Mrs. Meyer and I used to attend the 11:15 morning service at the Church of the Holy Spirit, Orleans, MA. About five years ago, this service was phased out, most of our parishioners passed, or passing. I am one of the rare parishioners that enjoyed the old rite, the Rite One. We actually could relate to the High Anglo-Catholic services at the Church of the Advent in Boston, MA. I was there during my clinical clerkship at the Mass General. Those services gave me peace and helped me through the most challenging time of my life. Few of people today know what it is like to sit in a service, in high mass with sung Latin. Still Mrs. Meyer passed, she finally bought the farm.

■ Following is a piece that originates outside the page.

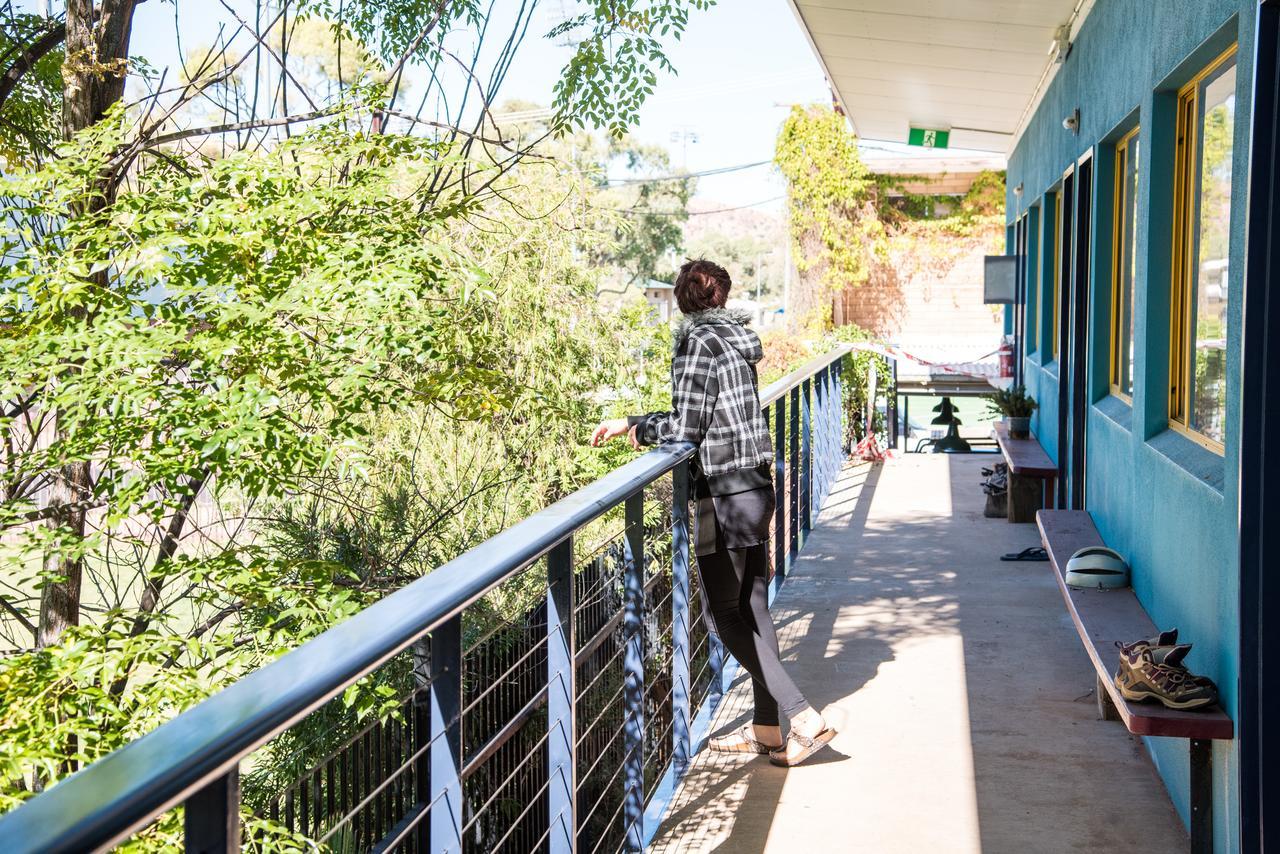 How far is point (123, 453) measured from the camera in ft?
16.4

As a small town dentist, I struggled with her ailing teeth. Soft teeth we call it. Everything I did in her mouth eventually fell out due to decays. I suspected that she enjoyed sweets. That was confirmed by her confession, she had a sweet tooth. When she was too weak to stay in her home, she moved in to the 24-hour care at Pleasant Bay Nursing almost a year ago. She could not wear her “full upper” so I was summoned in the late Spring last year. I tried to reline it, but it was too heavy and it did not fit. In the end, I took impressions and made a new one, all the time, she was not able to come into the clinic. So I brought the clinic to her, paid her many house calls. It took another season before I was satisfied with the new denture, meanwhile, I brought her our own fresh cut flowers. Sometimes, I brought along my kids. The new denture made her look wonderful, and after a whole season of mush, she could now chew properly. So I did ask her how she enjoyed her food at the nursing home. “Terrible,” she said. Food has the taste of cardboard, without much taste to it. She then raved about her favorite cranberry stuffing at our Hearth and Kettle. That morning, I went out and ordered her one full Thanksgiving Meal. I thought it would be a great idea since her son cannot come to visit her. He's got too much work in the MidWest. So I brought her “Last Supper.” I continued to visit her, and I became known in that place as the “Happy Dentist.” The nurses would say, “Oh, you are that happy dentist she talks about!”

This one last time, I missed our visit by 4 days. And Mrs. Meyer bought the Farm. Well, I imagine Mrs. Meyer is now free. She is no longer plagued by her soft teeth and ailing health. She is free from the confines of her bed and now soars free above and beyond the skies. For those of us who have not bought the farm, Mrs. Meyer, do once in awhile drop by and say a prayer for those of us who struggle and try to do the right thing while making a living. My profession has been plagued by many problems as this country is in steep trouble. We still have to push five kids through college, and help them to be good and kind people. So that someday when they have “bought the farms,” that their lives would mean something.

Mrs. Elizabeth Meyer, we will all miss you. As a small organic farmer, I think of you when I plant garlic. When my tomatoes come in, I will make an offering to the God of the skies. After all, we all come from “the Farm” and each of us must return to our farms. Rest in peace. We will all miss your wonderful smiles.